Justice, Politics

Choking those “yearning to breathe free”

The Trump administration’s recently announced “zero tolerance” policy on illegal border crossings has led to an emotion-laden national conversation on the government’s responsibility for the welfare of children who are brought across the U.S. border by their parents. The new policy requires that all border crossers entering the U.S. without a legal visa be charged criminally instead of with a civil penalty. This criminal charge requires adult migrants to be placed in federal custody, and, in so doing, forces the separation of parents from children.

The intent of this policy, according to the Department of Justice (DOJ), is to preserve the rule of law and deter illegal immigration. There is no law that requires most border-crossers to be charged criminally. Instead, the tactic also appears to be part of a larger effort to reduce the number of immigrants who obtain legal status through political asylum by dissuading potential applicants from crossing the border, encouraging current applicants to withdraw their asylum requests, and narrowing and redefining the conditions under which asylum is granted.

A large number of the migrants detained at the border have fled from Honduras, Guatemala, and El Salvador to escape staggeringly high levels of violence — much of it from gang activity and domestic violence — in the hopes that they might obtain legal status in the U.S through political asylum. Under U.S. immigration law, asylum is granted to those who can show “persecution or a well-founded fear of persecution” if forced to return to their country on account of “race, religion, national origin, political opinion, or membership in a particular social group.”  In fiscal year 2016, the most recent year for which complete data is available, 20,455 individuals in the U.S. were granted asylum.

Those seeking asylum, unlike other undocumented immigrants, often voluntarily turn themselves in to the border patrol to make their claim. They are then referred for a “credible fear” screening conducted by an asylum officer to ascertain the possible basis for asylum claim. Those who are successful proceed through a “merits hearing” before an immigration judge and then a final hearing in immigration court. An extremely high backlog of cases may delay their court appearances for months or even years.
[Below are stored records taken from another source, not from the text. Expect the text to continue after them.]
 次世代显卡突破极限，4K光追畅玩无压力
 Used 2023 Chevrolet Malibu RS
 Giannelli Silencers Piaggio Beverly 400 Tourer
By criminalizing all border crossings, the Trump administration upended the prior practice of either releasing asylum applicants who arrived with their families while their cases were pending or housing them in family detention centers. Although the administration has said those who enter official ports of entry will not be charged and separated, they are often turning away asylum applicants because the entry points are “filled to capacity,” forcing those who seek asylum to either wait an indefinite period of time or take their chances crossing elsewhere.  According to reports, even those who do make it into an official port of entry are sometimes charged criminally and separated from their families.
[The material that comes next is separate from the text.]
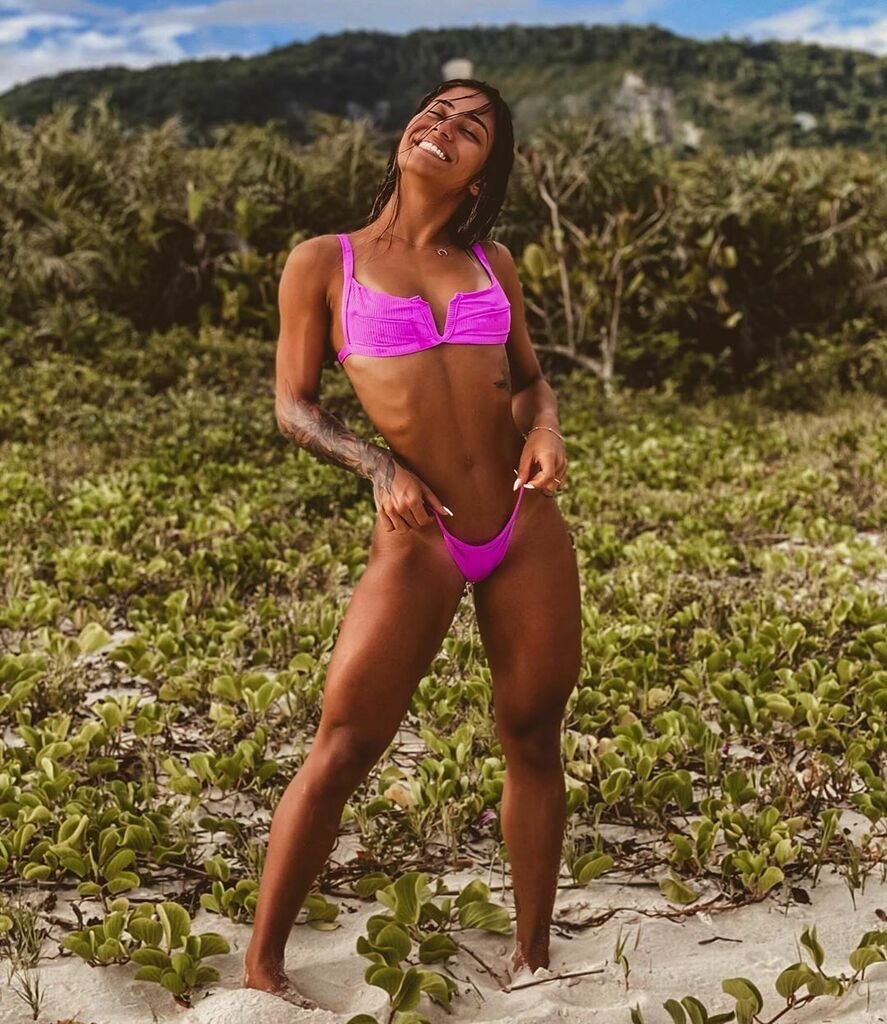 Emanuela de Paula Lingerie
Adults are incarcerated, while their children are sent to facilities operated by the Department of Health and Human Services Office of Refugee Resettlement (ORR) or to foster homes they oversee, often hundreds or thousands of miles away. Efforts are made to place the children with relatives or other sponsors, but few are willing to step forward due to the legal risk they expose themselves to under other new administration policies. Frequently neither parents nor children have information as to one another’s location following their forced separation and advocates for parents often have difficulty locating their young ones. The ORR does not currently have systems in place to assume responsibility for this sudden influx of children.
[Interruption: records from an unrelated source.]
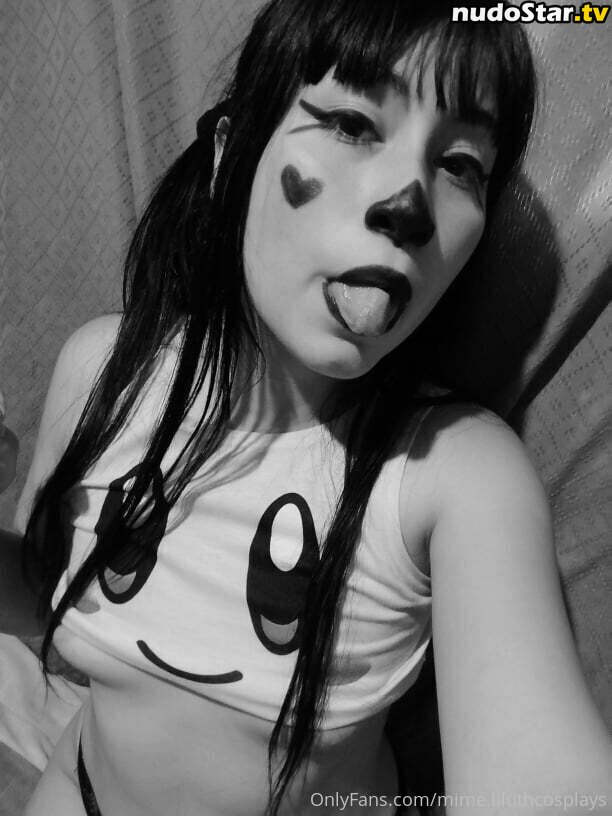 mime.liluthcosplays Nude OnlyFans Leaked Photo #6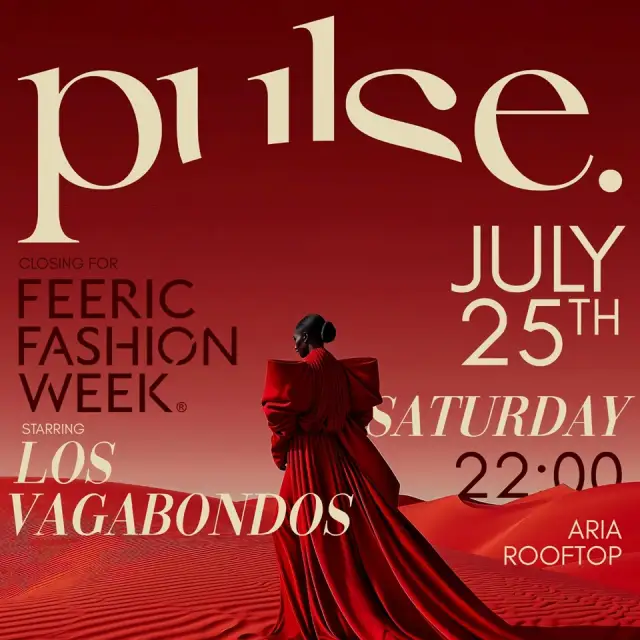 25.07 | pulse. X FEERIC FW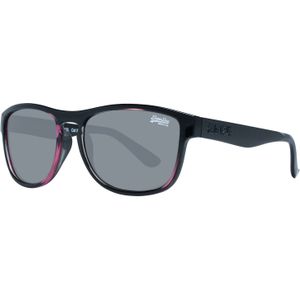 Superdry - SDS Thirdstreet 172 - Zonnebril - Zwart - Grijs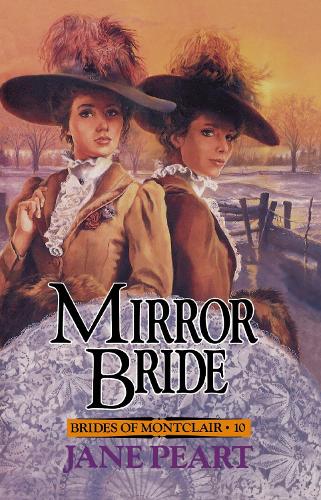 Паперова книга «Mirror Bride», автор Джейн Пірт - фото №1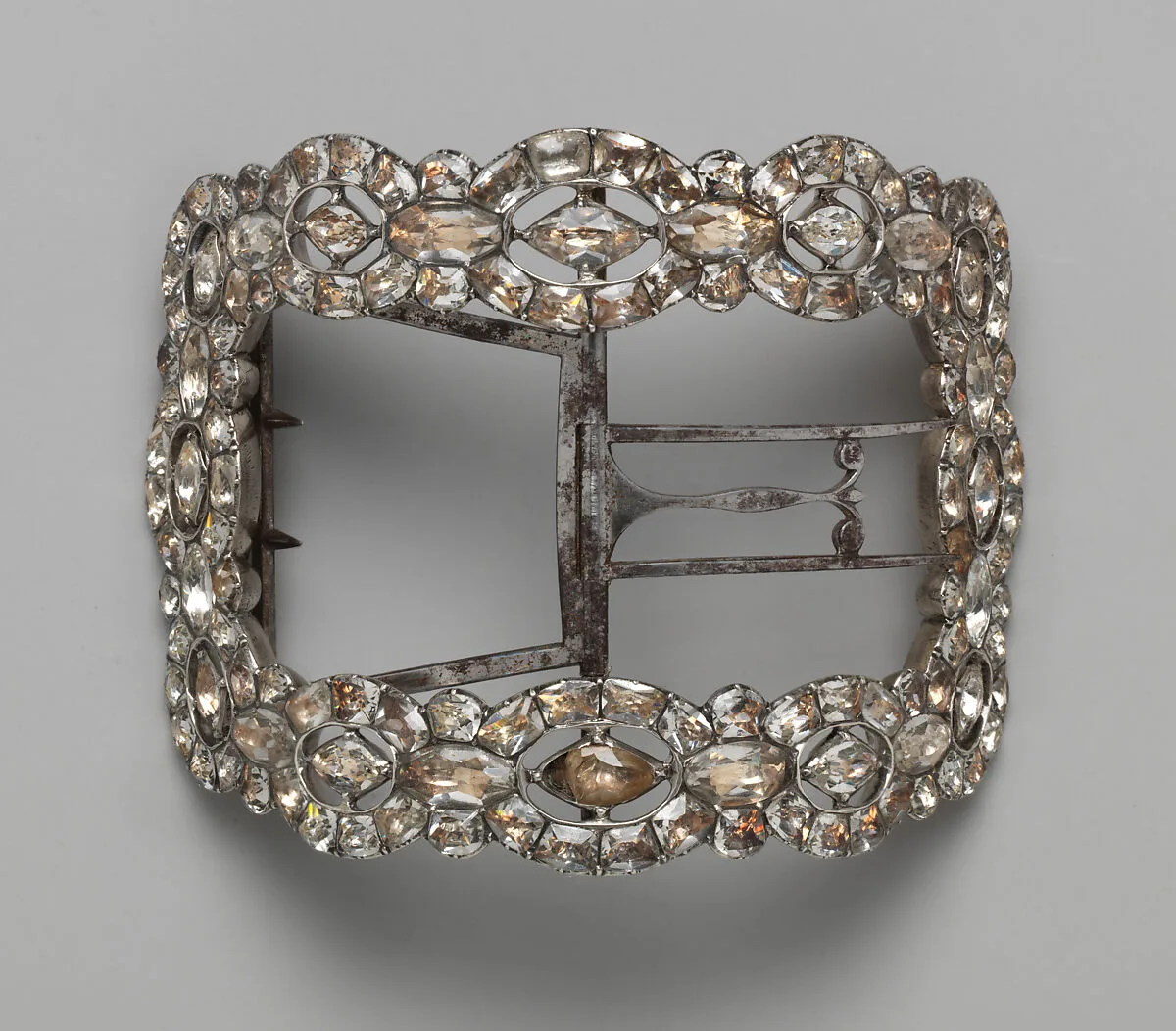 Shoe buckles — Unknown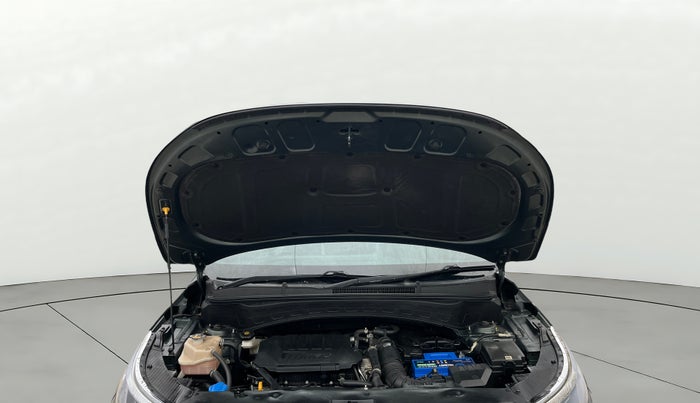 2023 KIA SELTOS GTX PLUS DCT 1.4 PETROL, Petrol, Automatic, 17,502 km, Open Bonet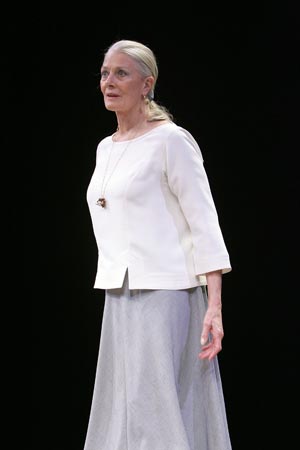 Vanessa Redgrave in Joan Didion's The Year of Magical Thinking.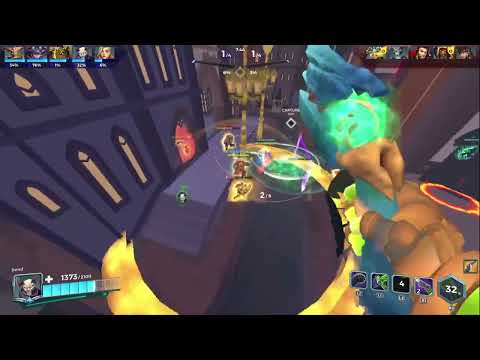 GET AWAY FROM ME! | Paladins scrims vs Stremex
Once separated from their parents, children under eighteen years old are legally considered unaccompanied minors and placed on a legal track separate from that of their parents, often without representation or access to whatever documentation their parents may have brought with them to support their application. There appears to be no system for reuniting children with their families once the parents leave federal custody and in a number of cases parents have been deported without their children.

Attorney General Jeff Sessions on June 11, 2018 ordered immigration judges to stop granting asylum to most victims of domestic abuse and gang violence, issues critical to the claims of many Central American asylum seekers and a large percentage of asylum seekers overall. Sessions issued the order in spite of a warning from the United Nations High Commission on Refugees that changing the asylum rules in this manner violated international agreements about refugees into which the U.S. has entered.

It is unclear to what extent the current “crises” at the border may have been intentionally created by the “zero tolerance” policy to rally support for increased anti-immigrant measures. Some news sources have framed the administration’s border policy as defense from a “foreign invasion.” Overall, border crossings are comparable to normal levels of recent years, and overcrowded conditions at detention centers are a consequence of detaining people who previously would have been released pending the outcome of their cases.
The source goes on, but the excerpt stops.